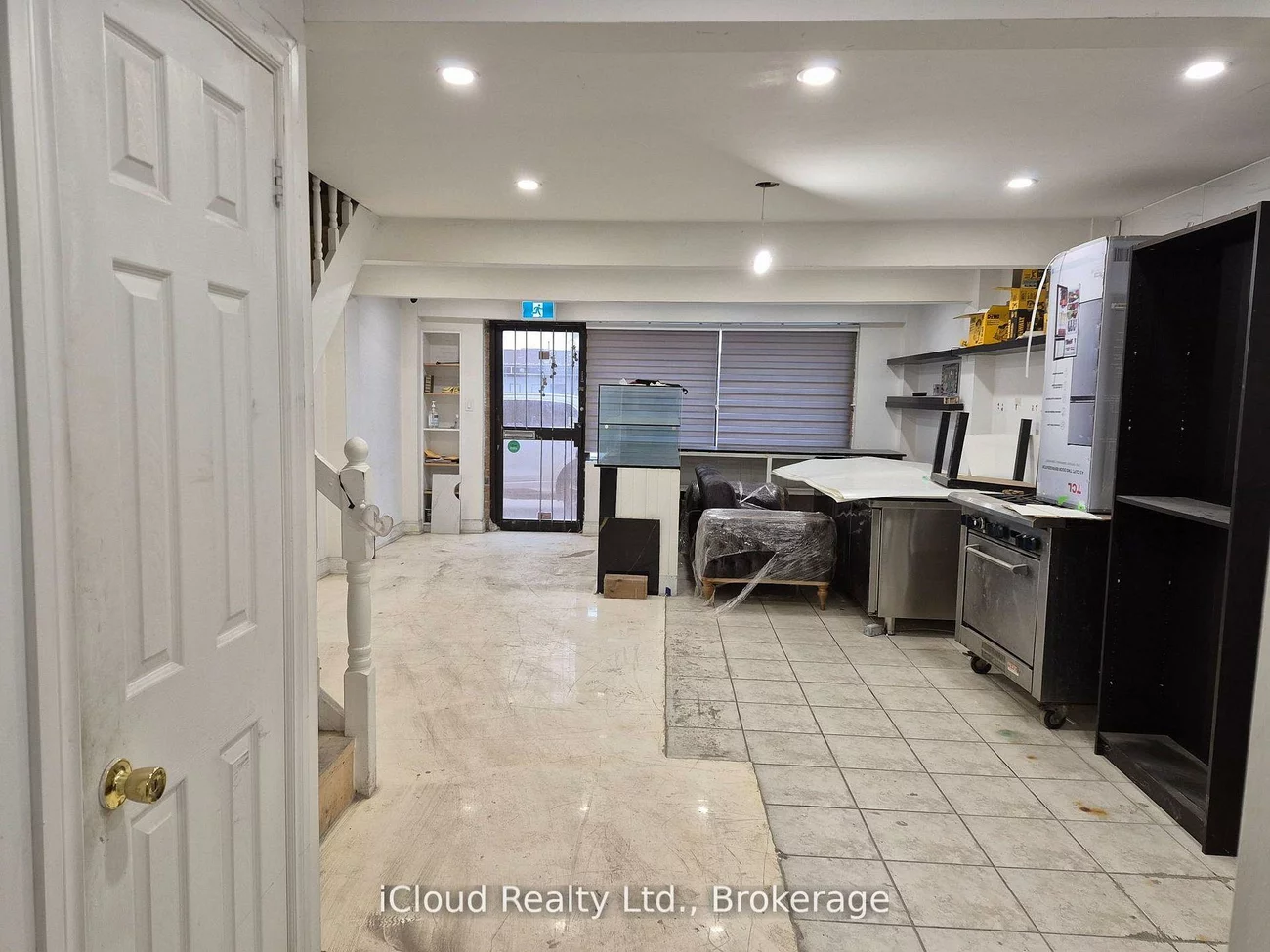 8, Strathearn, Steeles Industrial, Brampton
-=-=-=-=-
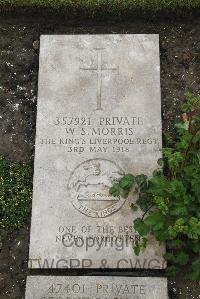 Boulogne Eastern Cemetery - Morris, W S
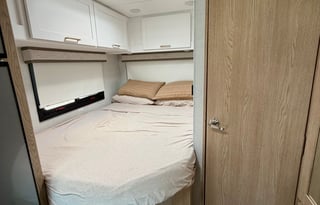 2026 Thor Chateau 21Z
-=-=-=-=-
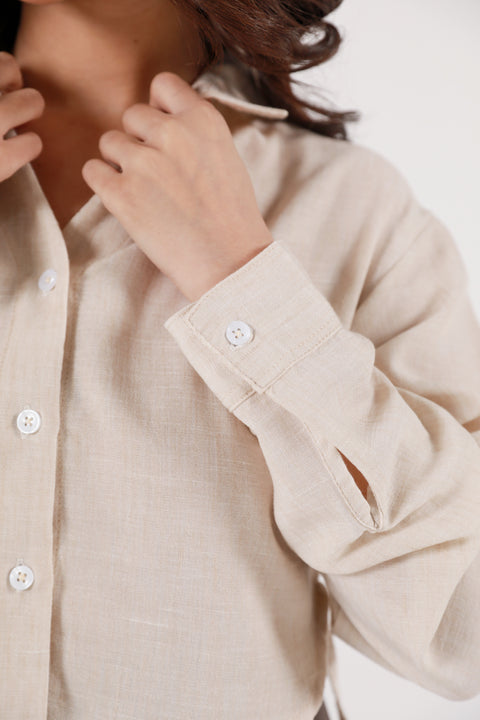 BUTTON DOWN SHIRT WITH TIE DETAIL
-=-=-=-=-
> **Your goal**
Take the material above and output only the lines from the one that contains "Boulogne Eastern Cemetery - Morris, W S" through the one that contains "2026 Thor Chateau 21Z", ends included and images left out.

> **Answer to the problem**
 Boulogne Eastern Cemetery - Morris, W S
 2026 Thor Chateau 21Z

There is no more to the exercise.